HOW TO WATCH TV NEWS by Neil Postman and Steve Powers (Penguin Books, 178 p.) is one of these little gems, crammed full with information, arguments, conclusions and comment, all adding up to a fairly devastating analysis of where TV news is today and where it's heading. It's a timely volume, coming out when the demise of TV network news is openly discussed and when the recently unthinkable actually has become thinkable.

Postman and Powers' main point is that there are too many factors impacting TV news to allow it to be unbiased. A lot of what they write about is philosophical--how influenced is television by the news director's and reporter's own personal point of view, for example--but the crux of their argument is that television news isn't news but what will appeal to the advertiser as producing the largest possible audience.

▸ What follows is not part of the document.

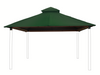 Riverstone ACACIA Gazebo Roof Framing and Mounting Kit featuring green OutDURA canopy with reinforced metal roof supports.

"News is not entertainment," they write. "It is a necessity in a democratic society. Therefore, TV news must give people what they need, along with what they want."

And they waste no time pointing out that broadcasters "have an obligation not only to make money but to enlighten the public by supplying news and programs of serious content for all segments of the population."

The authors balance this with two straightforward observations: "American television is an unsleeping money machine'' and "Many decisions about the form and content of news programs are made on the basis of information about the viewer, the purpose of which is to keep viewers watching so that they will be exposed to commercials."

And that's the crux of this sharp and analytical little book, written by two people who are obviously pained by the current state of the news art. "Don't trust anything or anyone," they say, over and over again, though sometimes they get bogged down in seroantics. "It's all being done with mirrors, for a purpose quite other than the one to which the networks pretend."

Postman and Powers have a nice way with words, which is only proper in a book which argues that words can be just as important as pictures. Like others before them, they argue that the pace of those 25,000 commercials on the network air in a way that molds the pace of TV news itself, and that, while viewers look at television, television looks at them, analyzes them to a farethe-well, and then shapes its programming based on the results. This, argue the networks, creates shows which the people "want."

There is a very perceptive chapter, headed the News Director, which in its implications of the ratings reign of terror, is quite devastating. Equally, the authors argue that the definition is what is imposed on news-executives by the advertisers.

In the chapter on "What is News?", they argue quite logically that news is what the journalist tells the public is news, and that "important news" is a judgment at the station and not necessarily a reflection of the realities.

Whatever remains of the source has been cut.